Cela signifie également reconnaître que les efforts de médiation actuels ne peuvent aboutir sans un rééquilibrage des forces régionales.
Ce n'est pas une option facile, mais c'est celle qui offre les meilleures perspectives pour une paix durable. Cependant, rares sont les acteurs régionaux ou multilatéraux qui ont envie – ou la volonté politique – de s'engager militairement dans une région aussi complexe et instable, en particulier contre l'une des puissances militaires les plus expérimentées d'Afrique.
Et pourtant, sans un tel changement, les processus de paix en cours resteront déconnectés de la dynamique militaire, et l'est de la RDC risque de se fragmenter durablement.

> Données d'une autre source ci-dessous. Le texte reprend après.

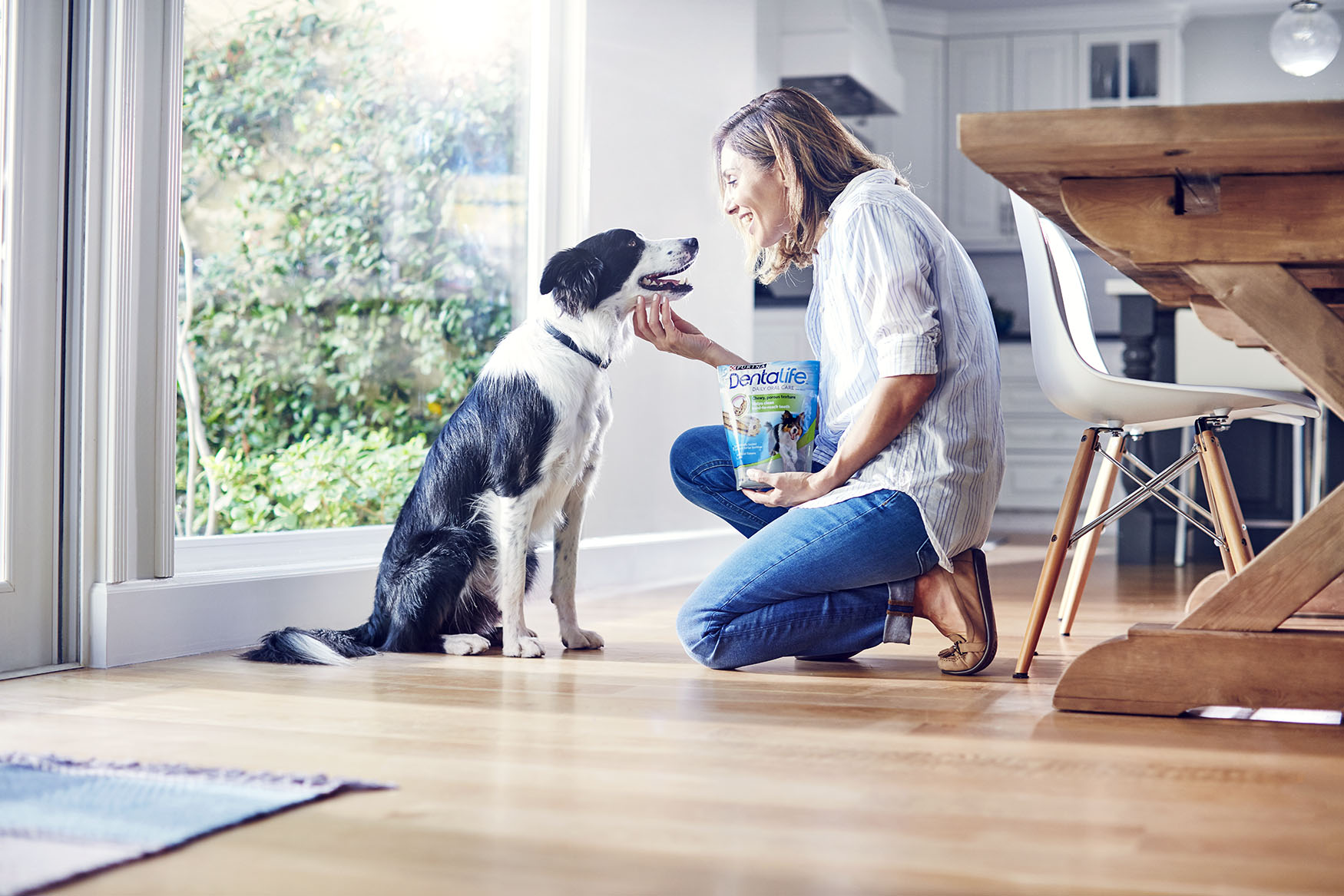 Köszöntünk Purina® DentaLife® projektünkben!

En effet, la RDC perd déjà le contrôle de son territoire de manière effrénée et non coordonnée. Alors que les forces soutenues par le Rwanda s'installent dans le Nord-Kivu et le Sud-Kivu, les troupes ougandaises ont étendu leur présence dans le « Grand Nord » et en Ituri. Cette expansion, officiellement approuvée lors de la visite du chef de la défense ougandais, le général Muhoozi Kainerugaba, à Kinshasa fin juin, s'est déroulée sans notification préalable.
Dans le même temps, le Burundi a intensifié son engagement militaire dans le Sud-Kivu afin de freiner l'avancée du M23 et de ses alliés banyamulenge, les Twirwaneho, alliés au groupe armé burundais Résistance pour un État de droit au Burundi (RED Tabara).
Bien que le Rwanda, l'Ouganda et le Burundi ne soient pas actuellement alignés, la situation ressemble de plus en plus à celle de la fin des années 1990, lorsque les interventions non sollicitées des États voisins ont entraîné une balkanisation effective de l'État congolais. Seules les interventions du Zimbabwe, de l'Angola, de la Namibie, du Tchad et du Soudan ont permis de rééquilibrer la dynamique militaire, ouvrant la voie à l’accord de Lusaka en 1999 et à l'accord de Sun City en 2002.
La diplomatie sans moyen de pression ne suffit pas. La communauté internationale doit tirer les leçons de l'histoire récente et adapter son approche, en associant le dialogue à la dissuasion, les paroles à la force, et les processus de paix à des mécanismes d'application. Toute autre approche risque de renforcer le statu quo et de permettre la destruction silencieuse de la souveraineté congolaise, province après province.